SAMPIT – Dinas Pendidikan (Disdik) Kabupaten Kotawaringin Timur (Kotim) memastikan pelaksanaan Asesmen Nasional Berbasis Komputer (ANBK) untuk jenjang SD berjalan lancar. Kepala Disdik Kotim, Muhammad Irfansyah, mengatakan pihaknya sudah menyiapkan fasilitas dan dukungan penuh agar seluruh sekolah dapat mengikuti asesmen sesuai jadwal.
“ANBK tahun ini untuk jenjang SD dibagi menjadi empat gelombang, mulai tanggal 22 September hingga 2 Oktober 2025. Kami sudah memetakan kesiapan sekolah, baik dari sisi perangkat komputer, jaringan internet, hingga teknis pelaksanaan di lapangan,” ujar Irfansyah, Senin 22 September 2025.

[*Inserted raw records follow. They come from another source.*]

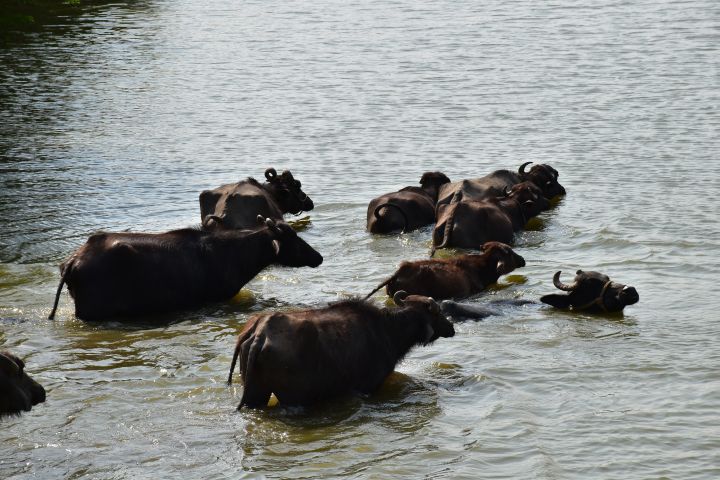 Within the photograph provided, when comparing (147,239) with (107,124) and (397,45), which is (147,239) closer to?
(107,124)

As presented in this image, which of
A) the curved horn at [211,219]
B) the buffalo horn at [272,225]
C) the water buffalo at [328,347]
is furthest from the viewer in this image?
the curved horn at [211,219]

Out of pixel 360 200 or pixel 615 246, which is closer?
pixel 615 246

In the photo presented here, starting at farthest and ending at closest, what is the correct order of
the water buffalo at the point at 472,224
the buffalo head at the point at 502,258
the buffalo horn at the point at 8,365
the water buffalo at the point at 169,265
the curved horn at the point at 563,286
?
the water buffalo at the point at 472,224 → the buffalo head at the point at 502,258 → the curved horn at the point at 563,286 → the water buffalo at the point at 169,265 → the buffalo horn at the point at 8,365

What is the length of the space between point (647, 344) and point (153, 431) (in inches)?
182

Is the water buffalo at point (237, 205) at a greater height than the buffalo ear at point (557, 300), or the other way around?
the water buffalo at point (237, 205)

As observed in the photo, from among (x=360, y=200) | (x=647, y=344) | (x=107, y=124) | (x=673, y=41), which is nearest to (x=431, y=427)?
(x=647, y=344)

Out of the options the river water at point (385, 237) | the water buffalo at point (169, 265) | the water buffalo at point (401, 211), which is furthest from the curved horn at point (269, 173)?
the water buffalo at point (169, 265)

Ia menjelaskan, gelombang pertama berlangsung pada 22-23 September, gelombang kedua 24-25 September, gelombang ketiga 29-30 September, dan gelombang keempat pada 1-2 Oktober 2025. Semua sekolah, lanjutnya, sudah dijadwalkan sesuai kemampuan sarana yang tersedia, sehingga tidak ada yang tertinggal.
“Jika ada sekolah yang masih terbatas perangkatnya, maka kami fasilitasi untuk menumpang di sekolah terdekat yang lebih siap. Prinsipnya, semua siswa harus tetap mendapatkan haknya mengikuti ANBK dengan baik,” tegasnya.
Menurut Irfansyah, ANBK bukan hanya sekadar ujian, melainkan sarana untuk memotret kualitas pendidikan di Kotim. Data yang dihasilkan dari asesmen ini akan menjadi bahan evaluasi dan dasar perencanaan peningkatan mutu pendidikan ke depan.
“ANBK ini bukan menilai siswa secara individu, melainkan memberikan gambaran tentang kemampuan literasi, numerasi, dan karakter siswa di daerah kita. Hasilnya akan menjadi bahan evaluasi untuk peningkatan kualitas pembelajaran dan pembinaan guru,” jelasnya.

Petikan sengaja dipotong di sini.